И я в шестой раз рассказываю незамысловатую историю про то, как наш деревенский дьякон, страстный рыболов, в который раз запутавшись в долгополой рясе, падал из лодки и, цепляясь за ее борт, громоподобным басом кричал:

— То-о-ну-у-у! Помогите, православные!

Вспоминаю, как наша соседка Харитониха, равнодушная к дьяконовым воплям, потому что он тонул уже в двадцатый раз, высунувшись из калитки, спокойно вытирая руки о фартук, негромко кричала:

— Коля, Павлик! Лодку давай: опять дьякон тонё-ёт!

Рассказываю это с увлечением, в подробностях, в лицах. Стараюсь сыграть возможно достовернее всех ребятишек — моих сверстников, Харитониху, дьякона Андрея Паниловича.

А Барнет хохочет, довольно потирая руки…

Зачем ему все это было нужно? Секрет был прост: Барнет хотел видеть и знать своих соратников по работе во всех подробностях их актерской и человеческой сути. Ему хотелось понять и потенциальные возможности тех, на кого он возложил труднейшую задачу — быть полпредом его идей. Способны ли они донести до зрителей многосложные образы, столь тщательно выписанные авторами?

Повторяю, в «Подвиге разведчика» Борис Васильевич Барнет блестяще проявил себя не только как режиссер-постановщик, но и как актер в роли немецкого генерала Кюна.

И то, и другое, а главное — вера в человека! — и помогли мне создать правдивый образ Алексея Федотова, глубже понять суть, назначение искусства.

 

Мой старший товарищ

Судьбе угодно было распорядиться так, что с талантливым артистом Федором Михайловичем Никитиным я работал в юные и зрелые годы в театре и кино. А если говорить точнее, то актера Федора Никитина я узнал задолго до знакомства и работы с ним на сцене театра.

Четырнадцатилетним мальчишкой приезжаю в город на Неве с Урала, из небольшого поселка Бикбарда, хотя, как вам уже известно, я родился в Петрограде.

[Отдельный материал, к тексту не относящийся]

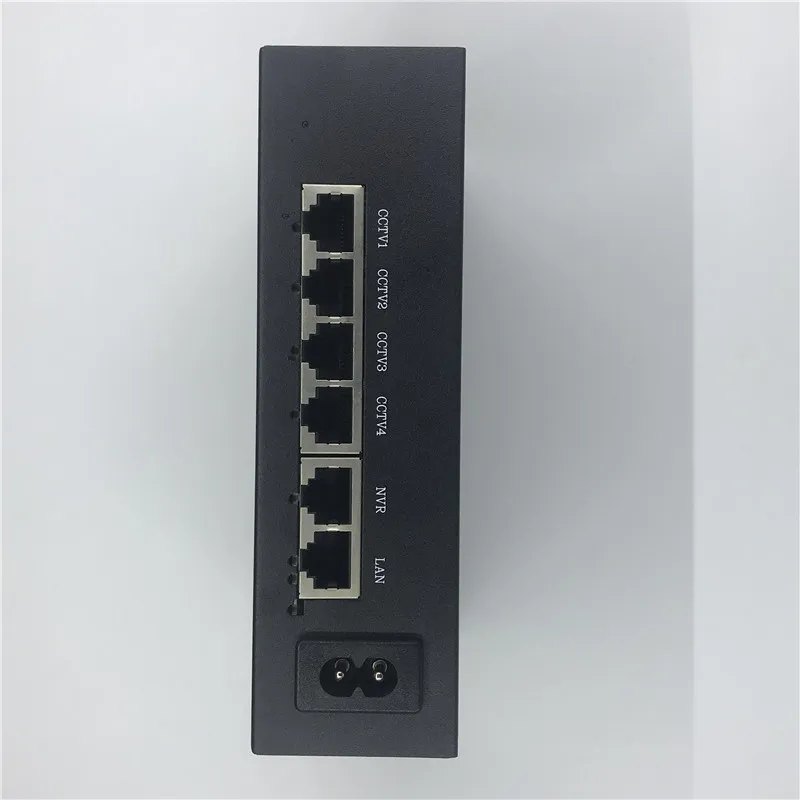 CCTV active 6 портов 10/100 м PoE коммутатор питания через Ethernet для POE IP камеры системы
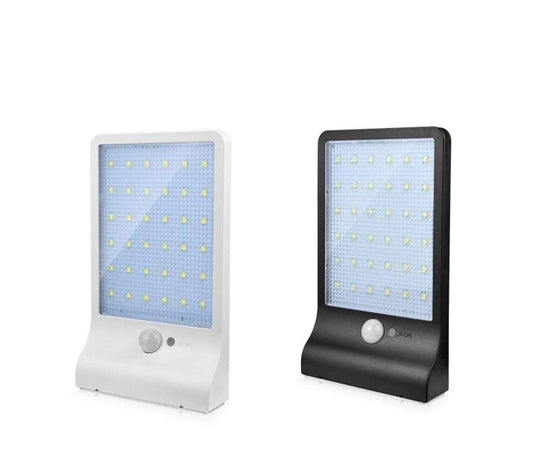 Lampadaire Solaire Blanc. Noire 500 Lumens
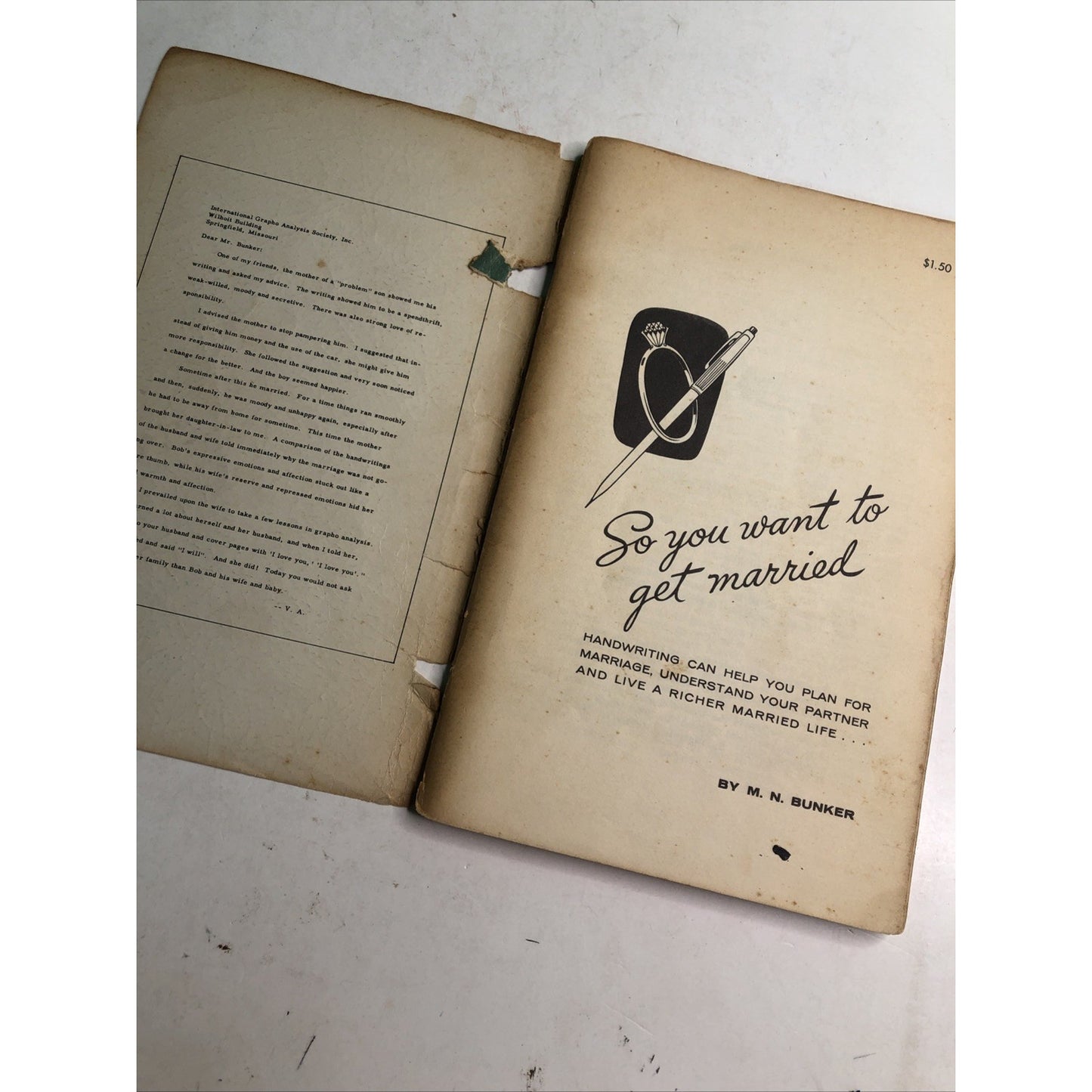 So You Want To Get Married Paperback Book 1953 Third Printing By M.N. Bunker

С чего начинаю знакомство с кинотеатрами родного города? Догадываетесь? Ну, конечно же, с просмотра фильмов с участием звезд мирового экрана.

Пересматриваю все боевики с участием зарубежных звезд немого кино: Рудольфо Валентино, Эмиля Яннингса, Мэри Пикфорд, Дугласа Фербенкса…

Вижу, возле кинотеатра продают тоненькие брошюрки об артистах. Покупаю книжечку «Федор Никитин», читаю — и сразу же появляется желание посмотреть все фильмы с участием этого артиста.

Смотрю их один за другим. Все нравятся! Но особенно — фильмы режиссера Фридриха Эрмлера «Катька — Бумажный Ранет» и «Обломок империи», где так отлично играет Федор Никитин.

Этот актер для меня, еще подростка, становится вровень с иностранными кинозвездами. И — даже выше их!

А потом, уже в пятидесятые годы, встречаюсь с итальянскими киножурналистами, и они просят назвать один современный фильм из всего мирового кинематографа, который мне нравится больше всех.

— Советский фильм двадцатых годов «Катька — Бумажный Ранет», — отвечаю.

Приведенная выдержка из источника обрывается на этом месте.